All that is needed is the first stretch of the listing below, repeated exactly and ending with the line that contains "What you just". Pictures are to be left out.

GIVEN INFORMATION
-- Opening Marker --

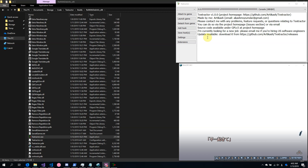Hello, I am Articache, the developer of Textractor, and this video is a quick rundown on how to use Textractor.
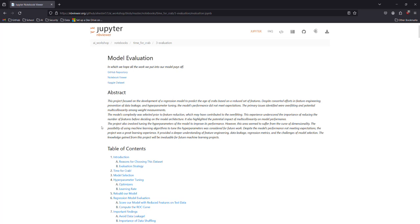All right, this is Austin Hester Time for Crab, and it's the model final evaluation post feature engineering.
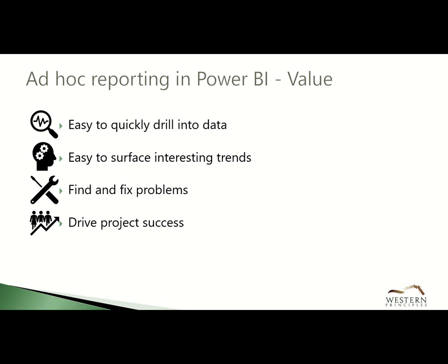What you just saw was that it's easy and quick to rapidly dig into your Microsoft Project Online data using Power BI. With this, you can find trends and surface problems that you might not find with your regular reports and dashboards. Ad-hoc reports will help you drive project delivery success.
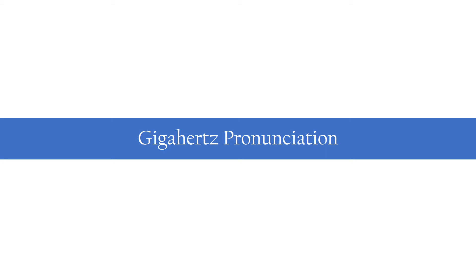Hello everyone, welcome back to our channel Waiveress. In this video, I'll be checking on the pronunciation of the unit GHz, which we usually use as a unit for frequency in microwave and millimeter range.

-- Closing Marker --

REPLY
Hello, I am Articache, the developer of Textractor, and this video is a quick rundown on how to use Textractor.
All right, this is Austin Hester Time for Crab, and it's the model final evaluation post feature engineering.
What you just saw was that it's easy and quick to rapidly dig into your Microsoft Project Online data using Power BI. With this, you can find trends and surface problems that you might not find with your regular reports and dashboards. Ad-hoc reports will help you drive project delivery success.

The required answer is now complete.